By Marc Parry, The Chronicle of Higher Education —
As Shirley N. Weber built the Africana-studies department at San Diego State University in the 1970s, she spent lots of time defending its existence.
Eventually, shaped by her studies of Black social movements, the professor and longtime department chair realized that her defensive posture was self-defeating. She decided to stop answering questions from, as she put it, “old white men.”
“The smart thing,” Weber said recently in a Zoom interview, “is to be on offense — is to ask the question, not to answer the question.”
Weber, now a Democratic member of the California State Assembly, is taking that offensive strategy to unprecedented territory this week as she campaigns for the governor to sign into law a measure that would make ethnic studies a requirement for undergraduates in the country’s biggest public-university system.
Weber’s proposal, which if enacted would apparently be the first law of its kind, is embroiling the California State University system in a conflict between the competing values of racial justice and academic freedom.
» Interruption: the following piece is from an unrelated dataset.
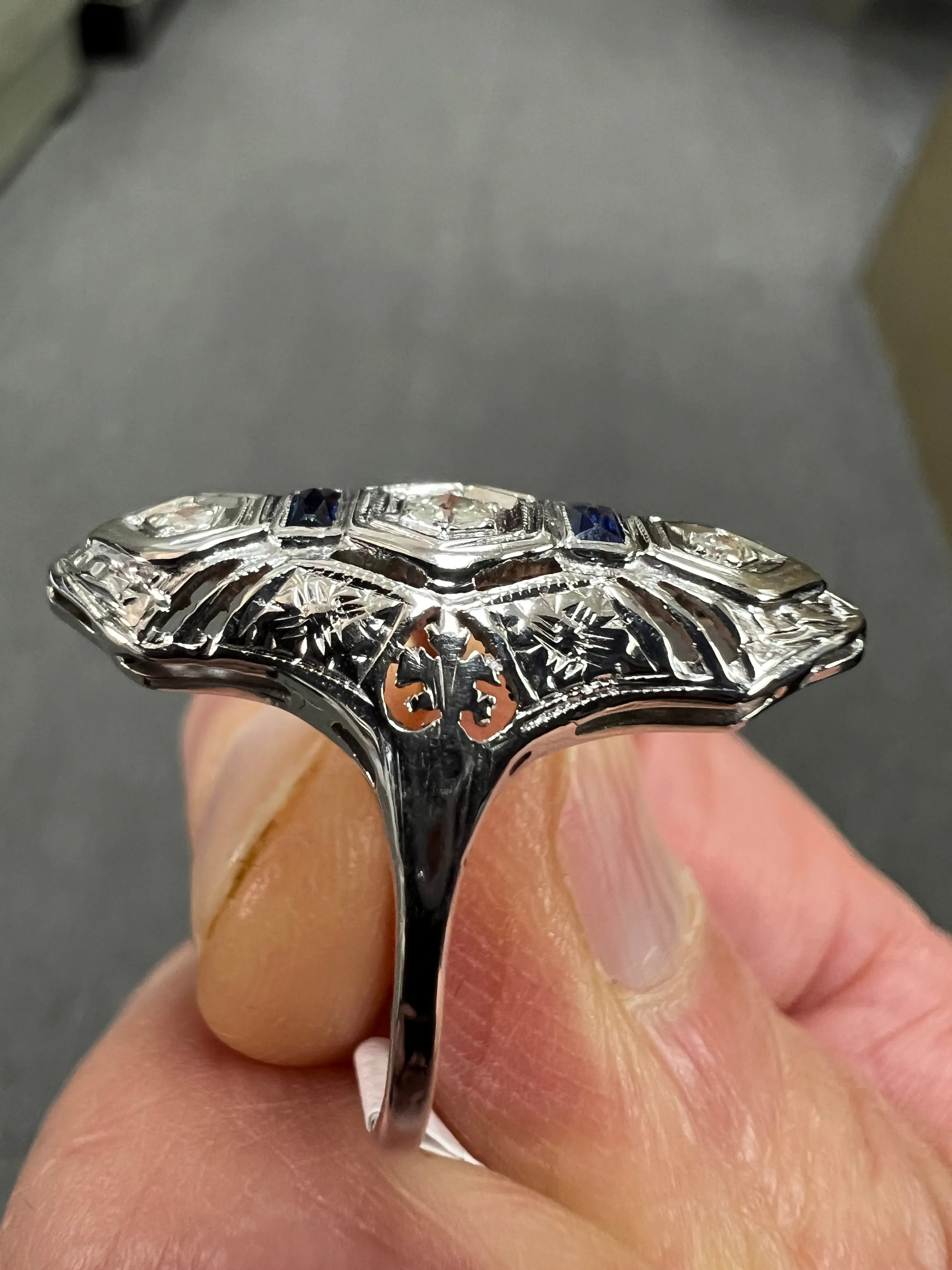 Art Deco Diamond White Gold Dinner Ring Circa 1930s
Supporters of the bill, including ethnic-studies faculty leaders, student activists, and Black Lives Matter organizers, view it as a key lever in the national uprising against racism. Opponents, including Cal State administrators, system trustees, and the systemwide Academic Senate, portray it as a legislative intrusion into teaching.
The conflict could be a taste of what’s to come on other campuses, as student activists nationwide intensify their fight to diversify curricula. Already this year, Emory University, responding to a longstanding demand by Black students, adopted a race and ethnicity graduation requirement. Meanwhile, the nine-campus Los Angeles Community College District is considering an ethnic-studies requirement, and students at the University of Massachusetts at Amherst are calling for a social-justice course requirement.
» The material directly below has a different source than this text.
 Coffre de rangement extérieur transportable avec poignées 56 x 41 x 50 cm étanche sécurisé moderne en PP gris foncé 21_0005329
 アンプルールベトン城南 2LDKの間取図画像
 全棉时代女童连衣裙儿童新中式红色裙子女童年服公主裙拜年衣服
Under Weber’s bill, AB 1460, students in the California State system would have to take a course concerning one of four groups at the core of the ethnic-studies field: Native Americans, African Americans, Asian Americans, and Latina/o Americans. Ethnic studies uses interdisciplinary methods to examine racism and its intersection with various types of oppression, such as nativism and patriarchy, said Tracy Lachica Buenavista, a professor of Asian American studies at California State University at Northridge.
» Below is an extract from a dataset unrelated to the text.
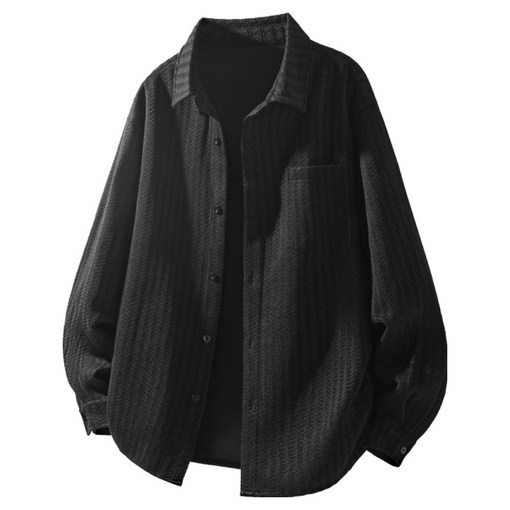 제이티엘 남성용 피쉬본 스트라이프 패턴 라펠 셔츠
Weber acknowledged that wielding a state law to change curricula defies campus traditions of self-governance. But the ethnic-studies community, she noted, has often challenged traditions in its half-century struggle to secure an institutional foothold.
Roots of a Discipline
Ethnic-studies programs grew out of protests by students of color in the 1960s and 1970s to reform colleges and universities that were failing to offer classes relevant to their lives. Weber, who earned a doctorate in speech communications from the University of California at Los Angeles, was hired to help develop Black studies at San Diego State after demonstrators there burned trash cans in front of the president’s office.
The roots of Weber’s AB 1460 fight date in part to a 2013 attempt by administrators at Cal State’s Long Beach campus to downgrade Africana studies from a department to a program.